Not very romantically inspiring, but even still potentially forgivable
in a storyline that charms. This one, despite naming Dostoevsky as its
source material, does not.
Alex is supposed to be a gambler and a writer. Although the film provides
no persuasive evidence of either, we do, regretfully, spend a lot of
the movie listening to him write bad prose and watching his alter ego
-- bromidically reified from that prose in godawful intersplices of
fictional fiction into the fictional fact -- put chips on a roulette
board, spin the wheel, and lose now and again. When the movie
opens, Alex has got a deadly block -- if he can't write a novel in thirty
days, his publisher won't give him $125,000 and the "Cuban mafia,"

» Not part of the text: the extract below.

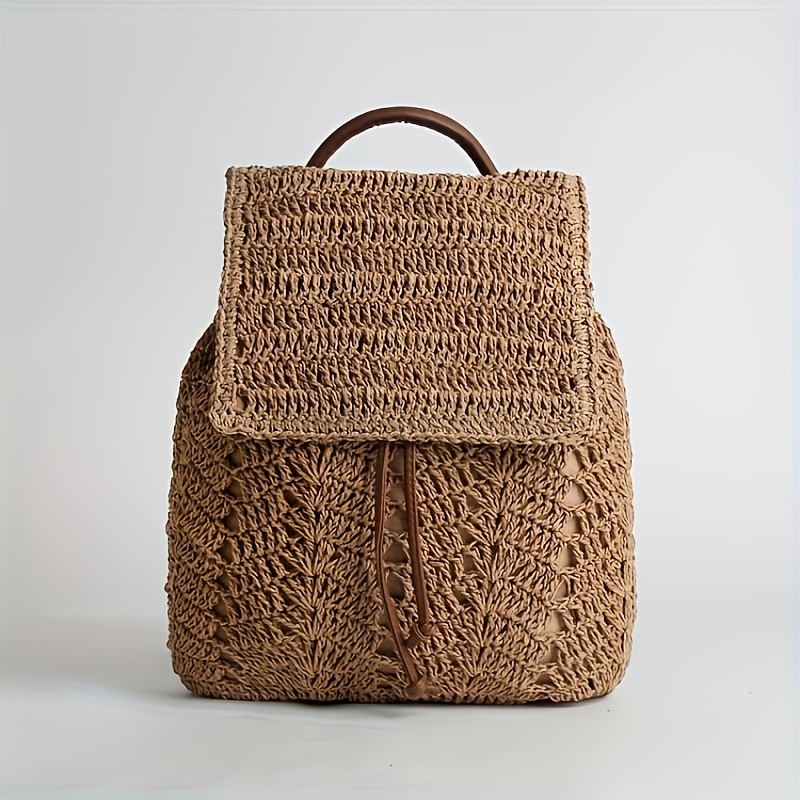 Bohemian Style Straw Backpack For Women - Lightweight, Adjustable Straps, Drawstring Closure - Perfect For Summer Beach Vacations And Photo Shoots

to whom he has committed 4/5 of that, will kill him. (We know
they mean it, as we've seen them set fire to his laptop and hang him
out a window, both acts we'll find justifiable by film's end).
Emma
is a have-machine-will-travel stenographer whom he lures to his apartment
on the pretense that it's a law firm named for some of the less-remembered
presidents (it's a sign of Reiner's, or writer Jeremy Leven's disconnection
from his audience that the film thinks the reference to presidents like
Polk and Taylor will strike us as funny. No one in my audience even
seemed to notice a joke had been made). Alex hires Emma to take his
dictation as the days to his ultimata count down -- and apparently,
she can take it better than we can (ba-dum-bump), as the requisite falling-in-love
montage -- the film's only silent, and therefore most enjoyable, moment
-- seems to illustrate.
Lo and behold, art imitates life imitates art, Alex's 20s-era novel
is intercut with Alex's 2000-era life, and Alex's hero Adam, also Wilson,
in love with rich, greedy, Polina (Sophie Marceau, who can't even act
in her own language) playing a sort of Daisy to his Nick, finds himself
sidelined by the hired help -- a series of housemaids all (over)played
by Hudson.

Of course it all goes the way romantic comedies do -- but we just do
not care.
In fact, such is the boredom into which the film drags us that I found
myself wanting to shout that they hadn't accounted for taxes, so the
money won't be enough, he'll be dead whether he writes or not, so there's
no point anyway and can't they just turn off the projector and please,
please, please, let us all go home.
Roger Ebert's scathing review was too generous. Alex & Emma
is not a better movie than The Sum Of Us.
I did not like it. I did not like it at all.